Na América Latina, soluções biológicas estão sendo introduzidas para combater ervas daninhas nas plantações de café da Colômbia e em algumas culturas orgânicas no Chile. Esses bioherbicidas se destacam por sua ação rápida e ausência de resíduos, pois são baseados em ácidos graxos. Empresas como a Anasac estão desempenhando um papel importante nessa nova tendência. Como um modelo de desenvolvimento sustentável, os bioherbicidas oferecem uma alternativa biológica aos herbicidas químicos convencionais, como o glifosato, para o controle de ervas daninhas. Esses produtos se decompõem rapidamente no meio ambiente sem deixar resíduos tóxicos, o que os torna ideais para a produção agrícola.
A Anasac, uma empresa reconhecida no mercado agrícola, está distribuindo o Suppress EC, um produto baseado em um ácido graxo obtido do óleo de palma. Esse bioherbicida foi bem recebido no mercado e tem sido usado com sucesso em vinhedos europeus, mirtilos, maçãs e avelãs. Uma das principais vantagens desse produto é sua ação rápida. O Suppress EC penetra na cutícula e nas membranas celulares das ervas daninhas, alterando o pH interno das células e causando sua disfunção. Além disso, ele esgota as reservas celulares de ATP e glicose-6-fosfato, levando à dessecação e ao colapso do tecido da planta invasora.

“Após 24 horas, já é possível notar a ação de controle do bioherbicida de ácidos graxos, que é ver as plantas invasoras mortas. Ele pode ser aplicado antes mesmo da colheita, pois tem uma deficiência de dia zero. Quando cai no solo, vira alimento para os micro-organismos.
Mónica Reveco, Anasac
O desenvolvimento de bioherbicidas na América Latina tem sido mais lento em comparação com outros biocontroles, como bioinseticidas e biofungicidas.

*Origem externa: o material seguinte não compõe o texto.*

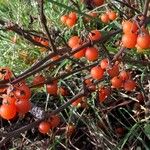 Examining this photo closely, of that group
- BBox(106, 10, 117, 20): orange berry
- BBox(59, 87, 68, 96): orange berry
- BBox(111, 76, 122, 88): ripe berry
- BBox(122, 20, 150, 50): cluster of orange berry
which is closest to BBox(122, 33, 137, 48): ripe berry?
BBox(122, 20, 150, 50): cluster of orange berry

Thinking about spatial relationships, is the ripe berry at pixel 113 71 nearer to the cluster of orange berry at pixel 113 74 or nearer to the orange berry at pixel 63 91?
the cluster of orange berry at pixel 113 74

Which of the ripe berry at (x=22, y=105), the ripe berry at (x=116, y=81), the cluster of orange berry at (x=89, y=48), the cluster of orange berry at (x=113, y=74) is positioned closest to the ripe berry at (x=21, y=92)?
the ripe berry at (x=22, y=105)

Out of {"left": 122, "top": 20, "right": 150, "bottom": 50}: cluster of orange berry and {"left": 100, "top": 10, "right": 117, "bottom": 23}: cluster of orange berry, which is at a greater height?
{"left": 122, "top": 20, "right": 150, "bottom": 50}: cluster of orange berry

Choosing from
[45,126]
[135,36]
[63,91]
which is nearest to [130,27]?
[135,36]

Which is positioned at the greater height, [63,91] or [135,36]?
[135,36]

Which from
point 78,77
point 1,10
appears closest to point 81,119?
point 78,77

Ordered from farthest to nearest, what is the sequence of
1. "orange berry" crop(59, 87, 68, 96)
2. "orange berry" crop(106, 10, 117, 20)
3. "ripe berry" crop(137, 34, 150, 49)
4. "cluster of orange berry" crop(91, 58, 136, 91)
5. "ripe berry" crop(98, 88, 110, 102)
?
"orange berry" crop(59, 87, 68, 96) → "orange berry" crop(106, 10, 117, 20) → "ripe berry" crop(98, 88, 110, 102) → "cluster of orange berry" crop(91, 58, 136, 91) → "ripe berry" crop(137, 34, 150, 49)

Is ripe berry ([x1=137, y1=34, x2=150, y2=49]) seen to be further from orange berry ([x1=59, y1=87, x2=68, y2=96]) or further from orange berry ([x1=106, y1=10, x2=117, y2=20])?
orange berry ([x1=59, y1=87, x2=68, y2=96])

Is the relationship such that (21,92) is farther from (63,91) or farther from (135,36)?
(63,91) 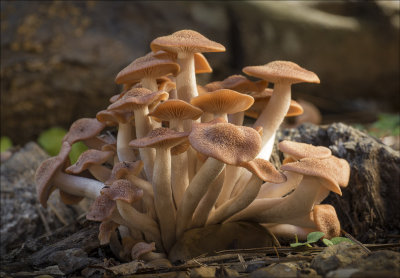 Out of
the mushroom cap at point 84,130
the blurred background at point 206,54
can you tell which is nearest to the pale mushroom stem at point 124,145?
the mushroom cap at point 84,130

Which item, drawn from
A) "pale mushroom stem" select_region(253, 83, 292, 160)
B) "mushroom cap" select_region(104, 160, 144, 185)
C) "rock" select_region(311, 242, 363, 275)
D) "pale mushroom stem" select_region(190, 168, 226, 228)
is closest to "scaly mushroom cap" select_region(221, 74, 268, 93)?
"pale mushroom stem" select_region(253, 83, 292, 160)

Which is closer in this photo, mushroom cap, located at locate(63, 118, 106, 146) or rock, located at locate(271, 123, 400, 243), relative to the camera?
mushroom cap, located at locate(63, 118, 106, 146)

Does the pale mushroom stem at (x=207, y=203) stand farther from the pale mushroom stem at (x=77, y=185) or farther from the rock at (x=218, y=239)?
the pale mushroom stem at (x=77, y=185)

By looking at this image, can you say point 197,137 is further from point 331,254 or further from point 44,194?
point 44,194

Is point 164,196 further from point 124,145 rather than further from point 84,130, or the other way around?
point 84,130

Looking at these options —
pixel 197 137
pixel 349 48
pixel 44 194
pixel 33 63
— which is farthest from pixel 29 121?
pixel 349 48

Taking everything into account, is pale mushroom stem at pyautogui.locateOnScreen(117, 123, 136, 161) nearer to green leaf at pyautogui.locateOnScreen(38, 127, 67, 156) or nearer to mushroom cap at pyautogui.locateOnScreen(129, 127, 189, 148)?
mushroom cap at pyautogui.locateOnScreen(129, 127, 189, 148)

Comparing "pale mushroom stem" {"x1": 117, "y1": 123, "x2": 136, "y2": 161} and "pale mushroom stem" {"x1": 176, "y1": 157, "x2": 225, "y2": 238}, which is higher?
"pale mushroom stem" {"x1": 117, "y1": 123, "x2": 136, "y2": 161} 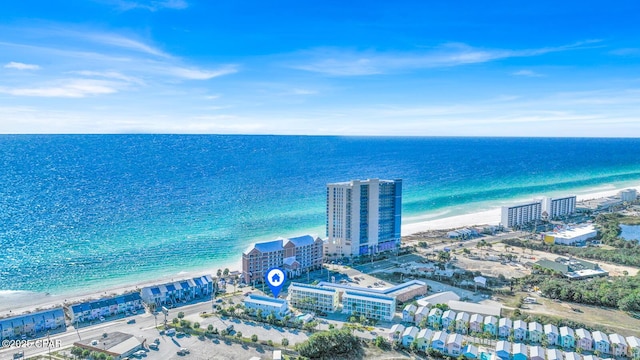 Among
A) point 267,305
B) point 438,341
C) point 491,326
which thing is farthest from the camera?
point 267,305

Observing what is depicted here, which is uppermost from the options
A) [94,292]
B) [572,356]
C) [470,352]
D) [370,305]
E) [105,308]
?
[370,305]

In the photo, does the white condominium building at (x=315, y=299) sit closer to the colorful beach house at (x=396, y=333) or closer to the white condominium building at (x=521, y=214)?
the colorful beach house at (x=396, y=333)

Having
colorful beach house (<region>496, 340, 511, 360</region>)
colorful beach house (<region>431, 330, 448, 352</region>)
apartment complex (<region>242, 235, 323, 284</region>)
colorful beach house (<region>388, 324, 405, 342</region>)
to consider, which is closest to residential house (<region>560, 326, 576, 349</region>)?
colorful beach house (<region>496, 340, 511, 360</region>)

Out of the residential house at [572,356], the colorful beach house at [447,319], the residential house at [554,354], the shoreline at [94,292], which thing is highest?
the colorful beach house at [447,319]

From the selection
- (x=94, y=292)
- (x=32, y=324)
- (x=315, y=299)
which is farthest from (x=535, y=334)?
(x=94, y=292)

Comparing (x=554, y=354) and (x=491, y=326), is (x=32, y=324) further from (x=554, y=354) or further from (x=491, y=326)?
(x=554, y=354)

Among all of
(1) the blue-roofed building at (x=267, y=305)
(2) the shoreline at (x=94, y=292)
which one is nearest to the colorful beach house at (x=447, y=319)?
(1) the blue-roofed building at (x=267, y=305) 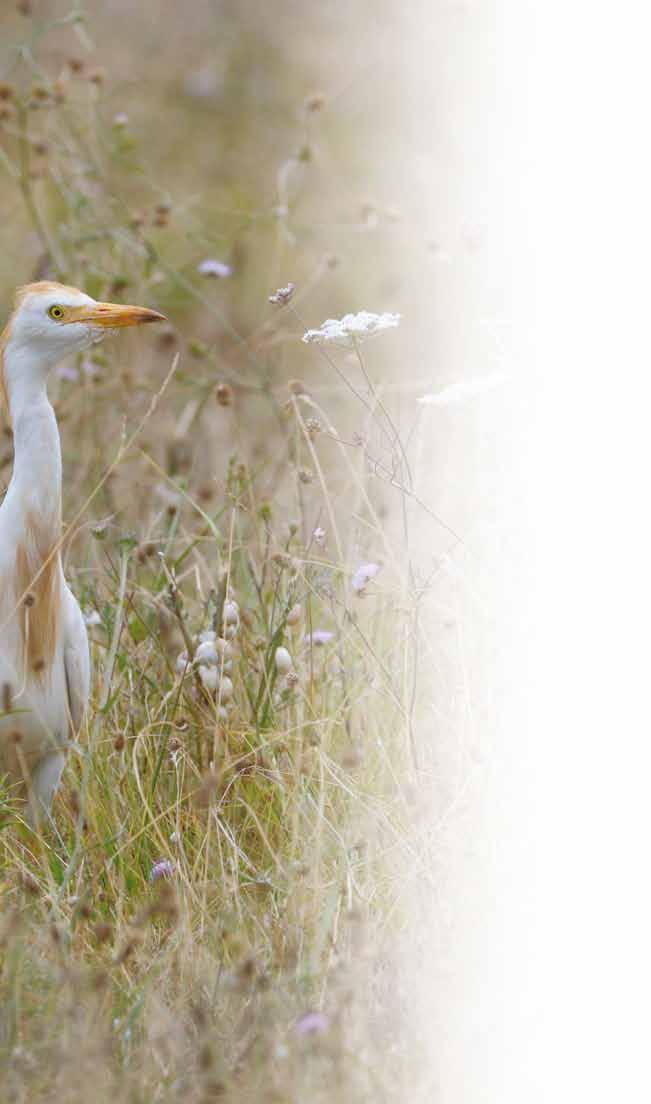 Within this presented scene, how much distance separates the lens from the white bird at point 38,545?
2.79 meters

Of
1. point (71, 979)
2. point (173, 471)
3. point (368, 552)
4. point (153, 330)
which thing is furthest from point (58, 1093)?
point (153, 330)

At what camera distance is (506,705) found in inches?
101

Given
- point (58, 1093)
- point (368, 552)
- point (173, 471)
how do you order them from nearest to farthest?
point (58, 1093), point (368, 552), point (173, 471)

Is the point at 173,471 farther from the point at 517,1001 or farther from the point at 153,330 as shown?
the point at 517,1001

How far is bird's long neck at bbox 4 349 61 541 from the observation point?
2.81 m

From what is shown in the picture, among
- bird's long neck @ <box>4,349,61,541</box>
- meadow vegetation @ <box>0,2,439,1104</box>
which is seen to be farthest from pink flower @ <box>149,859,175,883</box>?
Result: bird's long neck @ <box>4,349,61,541</box>

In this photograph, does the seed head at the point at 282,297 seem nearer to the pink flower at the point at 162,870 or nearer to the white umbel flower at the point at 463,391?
the white umbel flower at the point at 463,391

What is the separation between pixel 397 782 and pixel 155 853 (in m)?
0.41

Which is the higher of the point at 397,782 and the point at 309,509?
the point at 309,509

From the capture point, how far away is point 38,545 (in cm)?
289

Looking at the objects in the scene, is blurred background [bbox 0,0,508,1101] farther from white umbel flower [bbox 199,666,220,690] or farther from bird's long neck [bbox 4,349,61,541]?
white umbel flower [bbox 199,666,220,690]

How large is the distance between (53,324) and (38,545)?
15.0 inches

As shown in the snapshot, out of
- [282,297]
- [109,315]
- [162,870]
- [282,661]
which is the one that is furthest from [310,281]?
[162,870]

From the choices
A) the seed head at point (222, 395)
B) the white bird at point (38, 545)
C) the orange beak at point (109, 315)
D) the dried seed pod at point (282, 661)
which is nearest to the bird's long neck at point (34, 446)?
the white bird at point (38, 545) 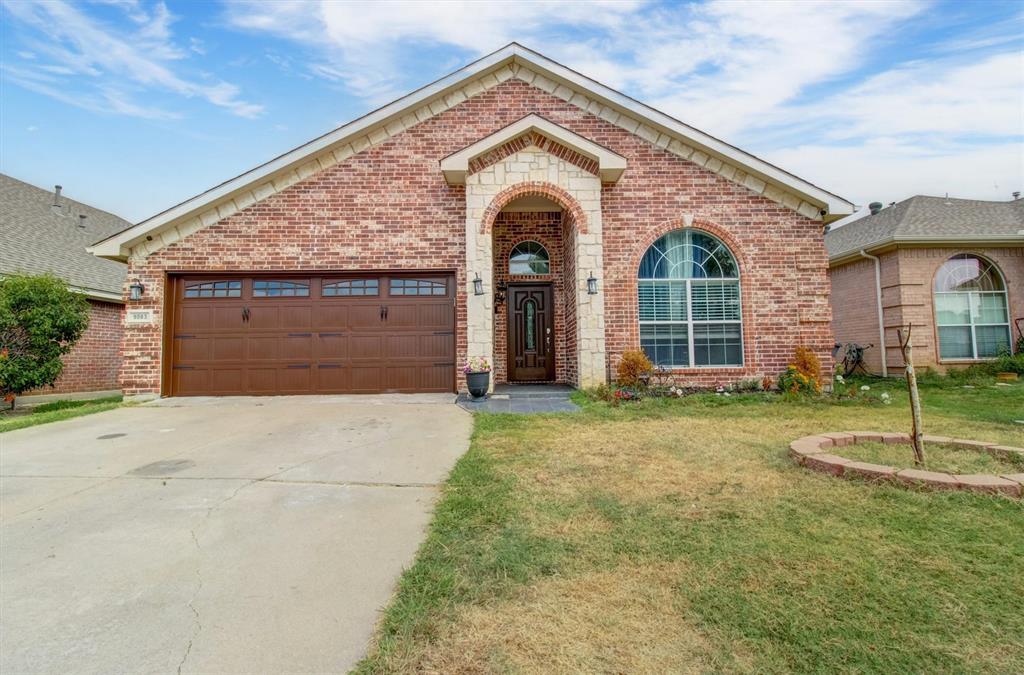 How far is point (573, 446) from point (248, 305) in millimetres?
7444

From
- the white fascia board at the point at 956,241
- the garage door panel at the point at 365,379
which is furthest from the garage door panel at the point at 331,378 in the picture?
the white fascia board at the point at 956,241

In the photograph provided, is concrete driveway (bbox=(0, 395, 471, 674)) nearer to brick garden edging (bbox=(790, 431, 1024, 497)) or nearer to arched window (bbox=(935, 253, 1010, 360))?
brick garden edging (bbox=(790, 431, 1024, 497))

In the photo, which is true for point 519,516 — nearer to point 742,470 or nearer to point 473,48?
point 742,470

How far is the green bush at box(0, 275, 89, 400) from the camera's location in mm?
8312

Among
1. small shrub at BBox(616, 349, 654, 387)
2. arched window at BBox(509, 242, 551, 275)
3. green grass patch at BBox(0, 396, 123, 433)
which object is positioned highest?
arched window at BBox(509, 242, 551, 275)

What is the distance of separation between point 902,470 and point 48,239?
61.4 feet

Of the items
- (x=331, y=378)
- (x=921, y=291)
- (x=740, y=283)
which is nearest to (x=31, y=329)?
(x=331, y=378)

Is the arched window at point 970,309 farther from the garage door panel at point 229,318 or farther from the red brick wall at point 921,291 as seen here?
the garage door panel at point 229,318

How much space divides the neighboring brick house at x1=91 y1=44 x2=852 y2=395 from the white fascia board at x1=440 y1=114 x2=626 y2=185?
0.13 meters

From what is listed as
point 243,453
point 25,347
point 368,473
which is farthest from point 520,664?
point 25,347

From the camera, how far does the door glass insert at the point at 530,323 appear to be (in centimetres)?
1069

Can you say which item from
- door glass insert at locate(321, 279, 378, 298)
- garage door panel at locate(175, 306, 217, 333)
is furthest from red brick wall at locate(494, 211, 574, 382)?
garage door panel at locate(175, 306, 217, 333)

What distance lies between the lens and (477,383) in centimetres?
810

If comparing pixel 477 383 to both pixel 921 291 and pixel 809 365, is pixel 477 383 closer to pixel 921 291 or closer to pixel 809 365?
pixel 809 365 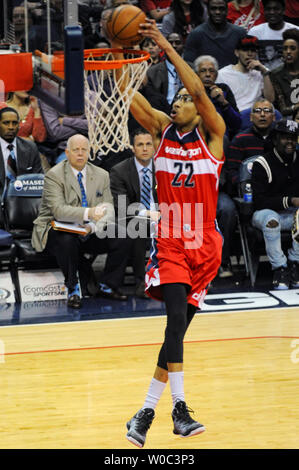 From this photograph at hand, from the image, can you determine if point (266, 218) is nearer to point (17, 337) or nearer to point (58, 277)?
point (58, 277)

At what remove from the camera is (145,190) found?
26.9ft

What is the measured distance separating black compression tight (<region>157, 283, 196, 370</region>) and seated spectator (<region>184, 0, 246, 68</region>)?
Result: 5747mm

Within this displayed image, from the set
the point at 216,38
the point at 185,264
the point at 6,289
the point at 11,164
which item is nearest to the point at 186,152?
the point at 185,264

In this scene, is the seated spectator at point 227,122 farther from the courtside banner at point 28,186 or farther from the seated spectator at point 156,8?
the seated spectator at point 156,8

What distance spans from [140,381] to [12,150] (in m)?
3.43

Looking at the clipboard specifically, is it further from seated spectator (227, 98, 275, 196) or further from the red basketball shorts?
the red basketball shorts

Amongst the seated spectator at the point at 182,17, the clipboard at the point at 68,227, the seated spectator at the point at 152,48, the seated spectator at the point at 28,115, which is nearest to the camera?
→ the clipboard at the point at 68,227

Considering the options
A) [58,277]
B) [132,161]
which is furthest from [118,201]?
[58,277]

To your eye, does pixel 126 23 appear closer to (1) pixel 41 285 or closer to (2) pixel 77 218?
(2) pixel 77 218

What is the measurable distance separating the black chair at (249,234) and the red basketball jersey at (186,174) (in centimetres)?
344

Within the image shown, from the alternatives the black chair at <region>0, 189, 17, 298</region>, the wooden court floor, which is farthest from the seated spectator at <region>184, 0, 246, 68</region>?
the wooden court floor

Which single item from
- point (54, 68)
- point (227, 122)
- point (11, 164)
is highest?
point (54, 68)

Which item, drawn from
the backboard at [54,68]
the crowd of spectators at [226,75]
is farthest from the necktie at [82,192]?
the backboard at [54,68]

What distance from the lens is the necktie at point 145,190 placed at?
820cm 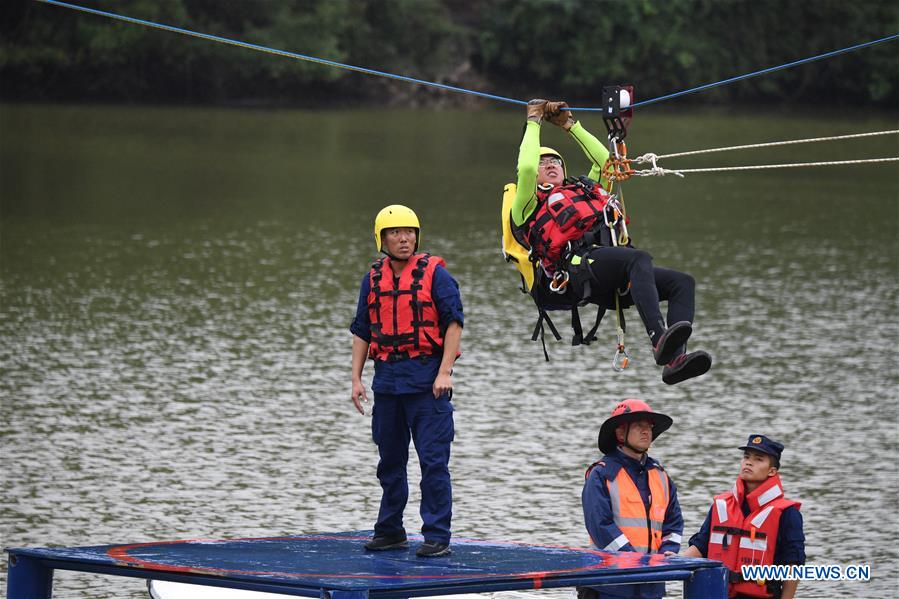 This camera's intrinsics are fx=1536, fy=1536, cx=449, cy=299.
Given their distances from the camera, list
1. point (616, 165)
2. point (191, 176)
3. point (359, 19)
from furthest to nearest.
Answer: point (359, 19) → point (191, 176) → point (616, 165)

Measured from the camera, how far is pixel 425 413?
9031 millimetres

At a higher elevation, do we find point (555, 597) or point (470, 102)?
point (470, 102)

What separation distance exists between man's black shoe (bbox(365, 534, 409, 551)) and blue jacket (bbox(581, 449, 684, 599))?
1.30 metres

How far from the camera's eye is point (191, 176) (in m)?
42.1

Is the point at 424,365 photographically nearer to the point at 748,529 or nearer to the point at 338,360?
the point at 748,529

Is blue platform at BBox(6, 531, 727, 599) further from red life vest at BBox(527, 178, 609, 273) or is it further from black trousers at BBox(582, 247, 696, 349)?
red life vest at BBox(527, 178, 609, 273)

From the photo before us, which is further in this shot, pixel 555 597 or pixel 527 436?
pixel 527 436

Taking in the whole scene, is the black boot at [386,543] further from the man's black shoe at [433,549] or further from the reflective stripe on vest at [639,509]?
the reflective stripe on vest at [639,509]

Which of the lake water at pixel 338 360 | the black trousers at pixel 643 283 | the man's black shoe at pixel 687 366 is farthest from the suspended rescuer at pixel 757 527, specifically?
the lake water at pixel 338 360

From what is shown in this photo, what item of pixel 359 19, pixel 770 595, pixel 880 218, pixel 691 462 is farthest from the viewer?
pixel 359 19

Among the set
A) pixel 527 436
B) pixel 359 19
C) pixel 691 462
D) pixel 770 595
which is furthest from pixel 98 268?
pixel 359 19

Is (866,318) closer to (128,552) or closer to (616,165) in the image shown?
(616,165)

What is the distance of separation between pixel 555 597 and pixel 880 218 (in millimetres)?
25819

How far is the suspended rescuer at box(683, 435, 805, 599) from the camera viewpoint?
340 inches
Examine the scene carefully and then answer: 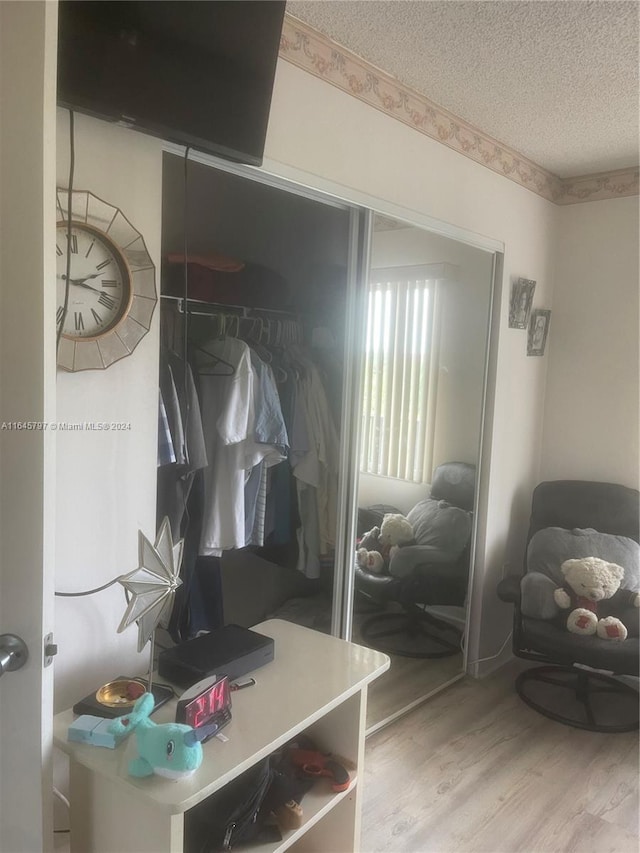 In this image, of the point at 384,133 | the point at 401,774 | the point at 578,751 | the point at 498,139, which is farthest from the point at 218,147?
the point at 578,751

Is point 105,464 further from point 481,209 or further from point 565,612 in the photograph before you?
point 565,612

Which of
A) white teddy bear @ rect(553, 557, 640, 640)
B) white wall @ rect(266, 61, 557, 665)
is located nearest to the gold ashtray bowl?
white wall @ rect(266, 61, 557, 665)

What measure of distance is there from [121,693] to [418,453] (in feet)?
5.22

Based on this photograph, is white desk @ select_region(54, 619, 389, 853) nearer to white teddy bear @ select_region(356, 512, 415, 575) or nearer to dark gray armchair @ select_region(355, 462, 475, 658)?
white teddy bear @ select_region(356, 512, 415, 575)

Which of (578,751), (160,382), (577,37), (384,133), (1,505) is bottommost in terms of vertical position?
(578,751)

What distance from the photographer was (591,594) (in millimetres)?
2697

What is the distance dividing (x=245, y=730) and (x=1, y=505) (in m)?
0.70

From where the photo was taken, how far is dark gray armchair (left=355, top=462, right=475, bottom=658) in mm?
2678

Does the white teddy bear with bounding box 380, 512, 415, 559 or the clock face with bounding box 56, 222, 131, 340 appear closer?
the clock face with bounding box 56, 222, 131, 340

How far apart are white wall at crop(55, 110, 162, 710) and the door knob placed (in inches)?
16.3

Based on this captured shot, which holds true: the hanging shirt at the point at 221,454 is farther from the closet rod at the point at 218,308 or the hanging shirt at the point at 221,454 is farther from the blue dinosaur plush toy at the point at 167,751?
the blue dinosaur plush toy at the point at 167,751

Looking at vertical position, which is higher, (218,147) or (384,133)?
(384,133)

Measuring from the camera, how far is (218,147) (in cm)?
159

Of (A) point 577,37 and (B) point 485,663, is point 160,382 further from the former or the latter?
(B) point 485,663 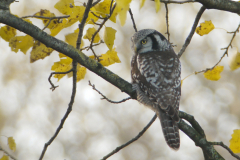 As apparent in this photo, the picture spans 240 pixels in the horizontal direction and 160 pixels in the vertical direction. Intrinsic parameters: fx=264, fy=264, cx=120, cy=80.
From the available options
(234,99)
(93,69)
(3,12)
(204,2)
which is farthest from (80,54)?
(234,99)

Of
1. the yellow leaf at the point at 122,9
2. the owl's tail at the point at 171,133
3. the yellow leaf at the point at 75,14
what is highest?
the owl's tail at the point at 171,133

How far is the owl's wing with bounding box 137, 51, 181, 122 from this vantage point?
10.2 feet

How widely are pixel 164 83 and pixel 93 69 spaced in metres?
1.25

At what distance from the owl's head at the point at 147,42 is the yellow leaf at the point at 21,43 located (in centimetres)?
211

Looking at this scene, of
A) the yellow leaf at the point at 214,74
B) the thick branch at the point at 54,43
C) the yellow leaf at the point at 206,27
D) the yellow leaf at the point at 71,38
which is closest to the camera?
the thick branch at the point at 54,43

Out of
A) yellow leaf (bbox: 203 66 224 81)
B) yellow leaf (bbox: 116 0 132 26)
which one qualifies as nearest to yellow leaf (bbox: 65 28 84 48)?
yellow leaf (bbox: 116 0 132 26)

No entanto, essa é uma área que precisa de um impulso urgente devido à crescente resistência das ervas daninhas aos herbicidas convencionais e à necessidade de reduzir o uso de produtos químicos na agricultura. A empresa Anasac está desempenhando um papel de liderança na introdução de bioherbicidas na América Latina, e seu produto Suppress EC apresentou resultados promissores no controle de ervas daninhas. À medida que mais bioherbicidas forem desenvolvidos e registrados na região, espera-se que seu uso aumente e contribua ainda mais para o desenvolvimento de práticas agrícolas sustentáveis e ecologicamente corretas.